Work request
Only one stretch of the data below is wanted: the lines starting at the one with "many different types" and ending at the one with "Randalstown residents and", both included, given again exactly.

BEGIN Record extracts

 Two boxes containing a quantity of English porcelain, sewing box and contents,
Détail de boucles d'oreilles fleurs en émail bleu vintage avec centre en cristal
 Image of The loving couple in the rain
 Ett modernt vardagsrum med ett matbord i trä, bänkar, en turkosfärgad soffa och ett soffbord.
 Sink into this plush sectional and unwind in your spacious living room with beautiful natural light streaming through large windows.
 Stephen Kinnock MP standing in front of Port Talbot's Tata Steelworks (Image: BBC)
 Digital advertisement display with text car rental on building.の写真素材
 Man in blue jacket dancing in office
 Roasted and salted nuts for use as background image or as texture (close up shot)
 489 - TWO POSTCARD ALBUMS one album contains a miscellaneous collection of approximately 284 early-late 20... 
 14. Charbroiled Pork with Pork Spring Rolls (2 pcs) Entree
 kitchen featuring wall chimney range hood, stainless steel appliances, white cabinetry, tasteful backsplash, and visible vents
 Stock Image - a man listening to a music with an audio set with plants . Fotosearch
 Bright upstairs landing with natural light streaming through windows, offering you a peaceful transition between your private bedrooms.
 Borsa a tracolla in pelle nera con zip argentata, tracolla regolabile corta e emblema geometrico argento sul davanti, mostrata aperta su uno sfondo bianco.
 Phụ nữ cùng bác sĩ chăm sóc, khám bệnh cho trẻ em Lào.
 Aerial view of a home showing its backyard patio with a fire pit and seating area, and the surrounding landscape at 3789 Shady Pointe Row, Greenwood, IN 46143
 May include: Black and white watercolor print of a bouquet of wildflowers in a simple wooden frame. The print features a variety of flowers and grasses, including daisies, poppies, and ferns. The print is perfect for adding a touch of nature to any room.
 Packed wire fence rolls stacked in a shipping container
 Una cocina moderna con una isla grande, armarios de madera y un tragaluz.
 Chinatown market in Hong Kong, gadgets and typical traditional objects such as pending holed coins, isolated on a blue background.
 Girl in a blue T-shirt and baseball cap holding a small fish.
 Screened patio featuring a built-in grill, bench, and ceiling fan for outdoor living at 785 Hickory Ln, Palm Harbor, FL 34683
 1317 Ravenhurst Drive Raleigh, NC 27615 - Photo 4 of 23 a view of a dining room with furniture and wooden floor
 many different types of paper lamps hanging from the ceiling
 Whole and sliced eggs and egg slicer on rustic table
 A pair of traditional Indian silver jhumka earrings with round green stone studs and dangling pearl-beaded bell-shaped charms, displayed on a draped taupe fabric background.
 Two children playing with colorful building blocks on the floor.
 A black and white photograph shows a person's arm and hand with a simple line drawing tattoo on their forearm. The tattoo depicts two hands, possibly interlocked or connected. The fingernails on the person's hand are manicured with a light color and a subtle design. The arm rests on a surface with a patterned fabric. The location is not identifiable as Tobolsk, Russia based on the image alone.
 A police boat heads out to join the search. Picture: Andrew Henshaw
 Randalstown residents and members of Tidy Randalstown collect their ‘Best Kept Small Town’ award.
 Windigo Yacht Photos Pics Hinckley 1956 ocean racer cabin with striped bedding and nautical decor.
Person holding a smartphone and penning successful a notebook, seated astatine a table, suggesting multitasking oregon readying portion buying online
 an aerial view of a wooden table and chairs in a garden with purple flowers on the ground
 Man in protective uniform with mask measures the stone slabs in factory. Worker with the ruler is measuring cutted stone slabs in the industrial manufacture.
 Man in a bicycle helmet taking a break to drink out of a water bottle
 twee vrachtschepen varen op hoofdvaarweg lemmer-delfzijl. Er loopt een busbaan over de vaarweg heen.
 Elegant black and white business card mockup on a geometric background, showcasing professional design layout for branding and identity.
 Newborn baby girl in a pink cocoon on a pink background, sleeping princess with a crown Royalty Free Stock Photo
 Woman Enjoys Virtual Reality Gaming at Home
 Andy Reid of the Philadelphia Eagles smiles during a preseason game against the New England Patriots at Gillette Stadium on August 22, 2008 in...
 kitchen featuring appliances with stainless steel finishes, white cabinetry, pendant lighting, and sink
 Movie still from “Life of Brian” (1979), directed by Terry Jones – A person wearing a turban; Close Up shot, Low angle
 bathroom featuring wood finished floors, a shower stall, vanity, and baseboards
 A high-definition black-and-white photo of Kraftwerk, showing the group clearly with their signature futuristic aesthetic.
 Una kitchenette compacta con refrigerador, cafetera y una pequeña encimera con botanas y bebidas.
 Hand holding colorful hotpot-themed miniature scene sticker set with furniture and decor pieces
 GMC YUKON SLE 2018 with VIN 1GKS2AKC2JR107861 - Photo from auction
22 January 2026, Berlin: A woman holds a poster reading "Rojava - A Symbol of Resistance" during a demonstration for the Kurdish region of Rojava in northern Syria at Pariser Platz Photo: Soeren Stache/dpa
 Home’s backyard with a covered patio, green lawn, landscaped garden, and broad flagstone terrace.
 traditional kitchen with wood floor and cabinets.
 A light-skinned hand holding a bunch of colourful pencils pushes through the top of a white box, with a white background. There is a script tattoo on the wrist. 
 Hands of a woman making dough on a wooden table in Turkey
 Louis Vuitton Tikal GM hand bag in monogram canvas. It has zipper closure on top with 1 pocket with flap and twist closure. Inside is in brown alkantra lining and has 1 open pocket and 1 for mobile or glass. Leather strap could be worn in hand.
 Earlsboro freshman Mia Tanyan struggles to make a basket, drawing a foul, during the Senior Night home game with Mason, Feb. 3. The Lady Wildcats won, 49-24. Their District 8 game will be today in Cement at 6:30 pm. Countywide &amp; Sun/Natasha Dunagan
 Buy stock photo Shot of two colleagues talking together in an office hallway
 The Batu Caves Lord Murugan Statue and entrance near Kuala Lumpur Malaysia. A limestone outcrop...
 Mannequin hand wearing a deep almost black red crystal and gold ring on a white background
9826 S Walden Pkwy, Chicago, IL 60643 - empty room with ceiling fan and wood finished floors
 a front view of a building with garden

END Record extracts

Expected output
 many different types of paper lamps hanging from the ceiling
 Whole and sliced eggs and egg slicer on rustic table
 A pair of traditional Indian silver jhumka earrings with round green stone studs and dangling pearl-beaded bell-shaped charms, displayed on a draped taupe fabric background.
 Two children playing with colorful building blocks on the floor.
 A black and white photograph shows a person's arm and hand with a simple line drawing tattoo on their forearm. The tattoo depicts two hands, possibly interlocked or connected. The fingernails on the person's hand are manicured with a light color and a subtle design. The arm rests on a surface with a patterned fabric. The location is not identifiable as Tobolsk, Russia based on the image alone.
 A police boat heads out to join the search. Picture: Andrew Henshaw
 Randalstown residents and members of Tidy Randalstown collect their ‘Best Kept Small Town’ award.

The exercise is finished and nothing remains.